Self-XSS to Stored XSS

How I've leveraged Self-XSS to increase RXSS/DOMXSS Impact

Rodriguezjorgex

~7 min read · December 16, 2023 (Updated: December 22, 2023) · Free: Yes

TLDR

In this article, I detail how I've leveraged self-XSS vectors to increase the impact of regular XSS.

Self-XSS Vectors

There are many forms of Self-XSS, but the ones I like to focus on are Cookie based XSS and username XSS. These types of XSS are usually site-wide and have a bigger impact.

Cookie-Based XSS

This XSS vector relies on the web application reflecting the user's cookie in the web application, and you can set the cookie to an XSS payload. This type of XSS requires you to modify the cookies the web application sets for you and checking if the web application is reflecting your value.

Username XSS

In this, you simply modify your username, or full name, to an XSS vector.

Self-XSS has no impact. So what can we do?
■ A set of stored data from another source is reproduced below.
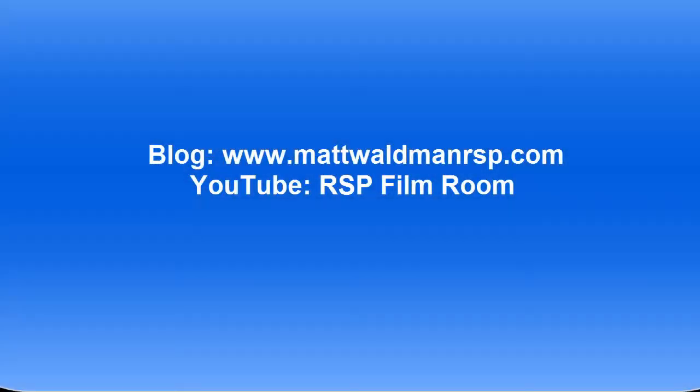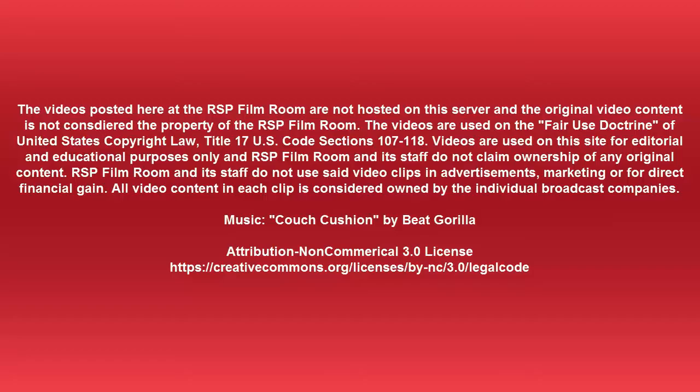For more videos like this, check out my YouTube page, the RSP Film Room, or my blog, www.MattWaldmanRSP.com. We'll see you next time.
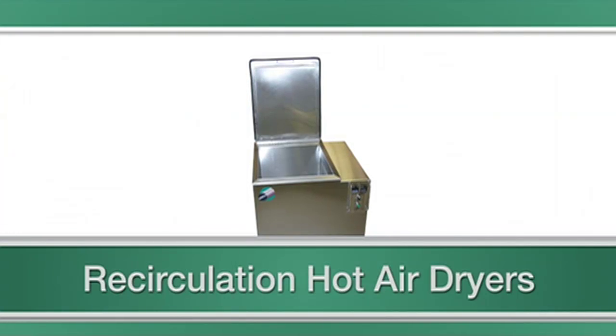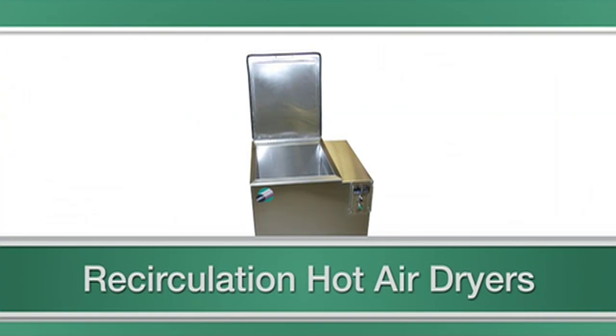Recirculating hot air dryers have a more widespread use, and are usually tub-style dryers with parts baskets being placed into a chamber. High volume air is pushed through heating elements, and the hot air is recirculated to dry parts in six minutes or less.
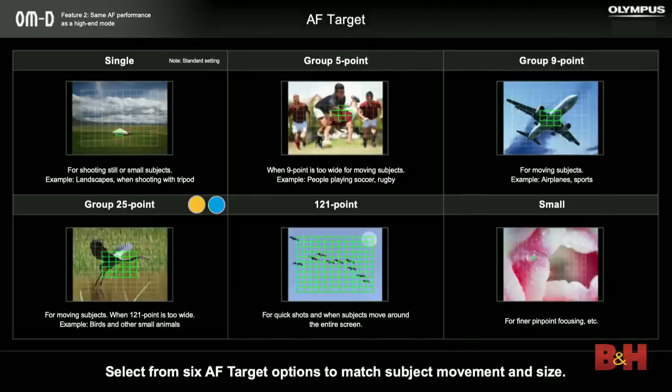As far as autofocus target modes, the M5 Mark II had single point, nine point, and 81 point, and this camera gets five point, a 25-point target, and also small AF points. So you can turn all those autofocus points on if you're shooting something like birds in flight against a blue sky, or you can choose just one point — you have several different options to choose from.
These vectors mentioned on their own are not a security impact. However, by leveraging other XSS vulnerabilities, we can use these vectors to increase the impact of RXSS or DOM XSS. Here are some real-world examples from my recent bugs where I leveraged DOM XSS to modify the cookie and username fields in order to escalate DOM XSS to Stored XSS.

Cookie Scenario

I have already written an article for this scenario. You can take a look at it here: https://medium.com/@rodriguezjorgex/escalating-dom-xss-to-stored-xss-eb6f3a669af3. In this article, I go into details on the vulnerability, how I found it, and how I bypassed the Web Application Firewall in order to get the XSS. However, for cookie based XSS, there are other vectors aside from XSS. This can be accomplished by parameters which set cookies, or CRLF injections

DOM XSS to Username Stored XSS

Initial Recon

The initial recon for this particular bug was non-existent. It involved going to Hackerone, viewing which sites were in-scope, and opening the in-scope site.
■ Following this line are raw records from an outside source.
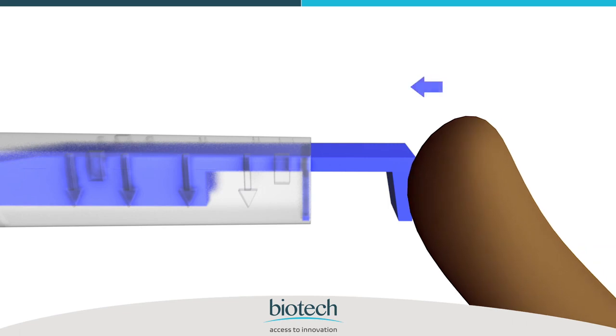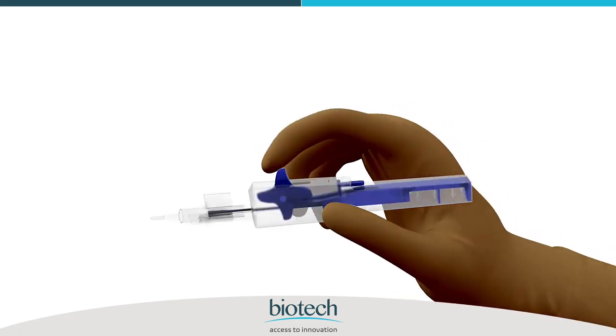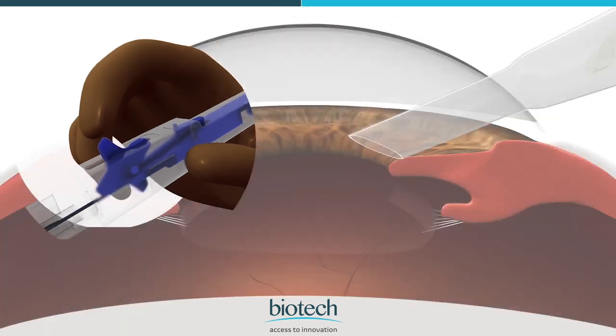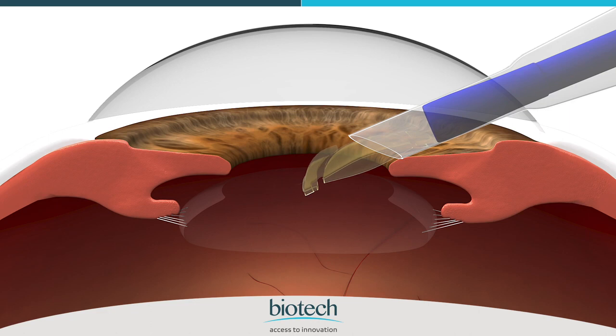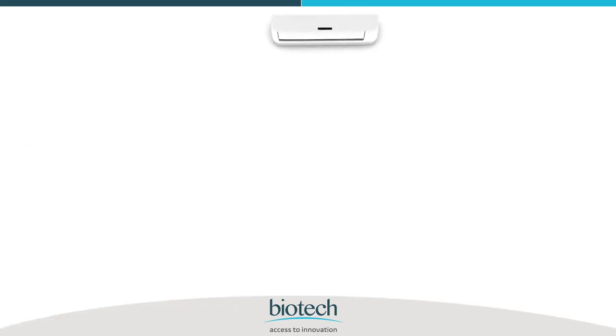Push the blue injector plunger forward until the rear push plate is flush against the injector housing or until the wheel of the injector moves. Hold the delivery system with a pen grip as shown, and keep your index finger on the drive wheel. Insert the cartridge tip into the eye with a bevel down position. Using your index finger, pull and rotate the drive wheel back slowly in order to push the lens forward until it is delivered in the eye. This pre-loaded delivery system provides freedom to use the second hand to stabilize the eye while injecting the IOL, giving complete control on delivery of the IOL.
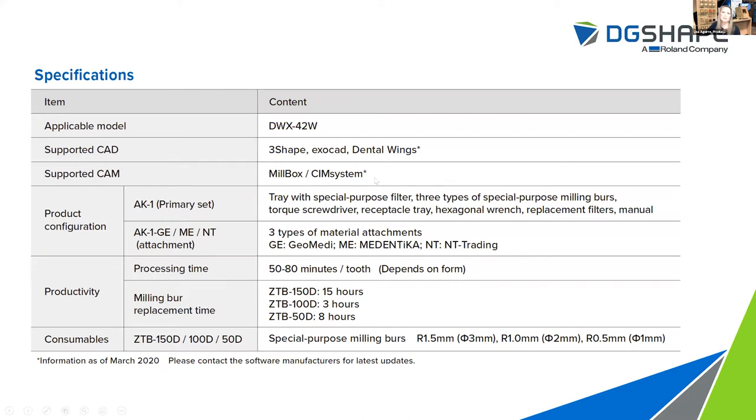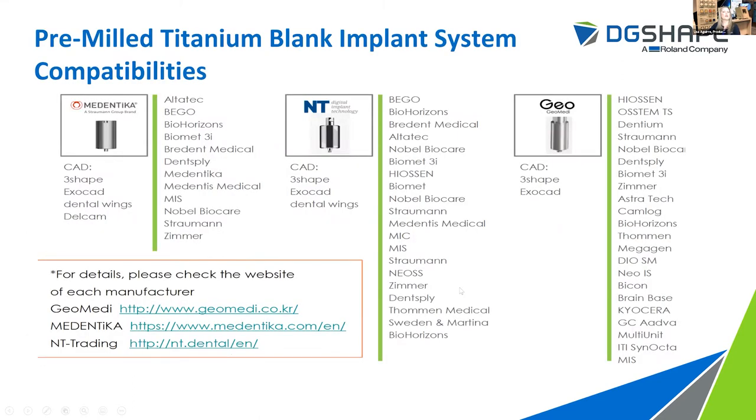Another question is: what current CAD/CAM systems are supported with this kit? Currently for CAD software, it is supported by 3Shape, ExoCAD, and Dental Wings. As far as CAM software, it is compatible with Millbox by SimSystems, which is included with our DWX42W wet mill. As far as implant system compatibilities, which manufacturer pre-milled blank you choose will be based on the CAD software and the implant system being used. These manufacturers update their libraries regularly, so we've included their manufacturer websites for more information.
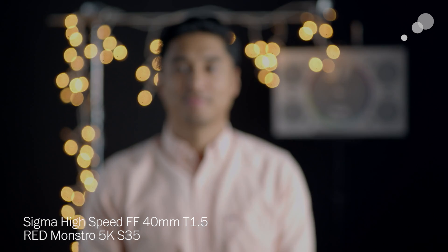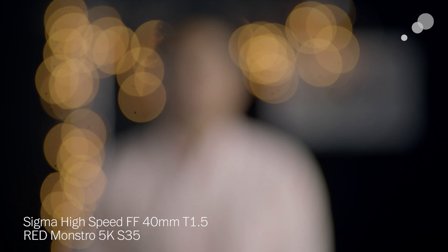You should always keep in mind that any time you're viewing an internet-based video with regards to lenses, it should not be thought of as a critical analysis of the optics. Now let's have a look at the 40mm first. Especially when used on a Super 35mm sensor, the 40mm gives a natural look that is more selective than a 35mm, but without the potential of feeling too telephoto like a 50mm might in some cases.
Once in the web application, I like to play around with the search features. I normally search for something like "test". Then after I've searched for something, I like to search for the DOM Invader canary token.
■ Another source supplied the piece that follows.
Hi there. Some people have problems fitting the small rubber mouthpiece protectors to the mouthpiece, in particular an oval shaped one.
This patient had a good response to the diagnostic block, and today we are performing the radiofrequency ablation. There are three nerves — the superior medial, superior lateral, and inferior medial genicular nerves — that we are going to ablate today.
I also like to make different changes, like doing: dominvadercanary"><b>test and seeing if it turns bold or if anything happens in DOM Invader. DOM Invader does turn red, but after inspecting the results, it seems to be an un-exploitable scenario

DOM Invader showing the special characters being encoded

Not to be deterred, I continued playing with the search results. This time, I used the website's filter to filter out the search results. Whenever I click on filters, I like to see how the URL changes based on my filter. So I filter for "news", I look to see if news is anywhere in the URL bar.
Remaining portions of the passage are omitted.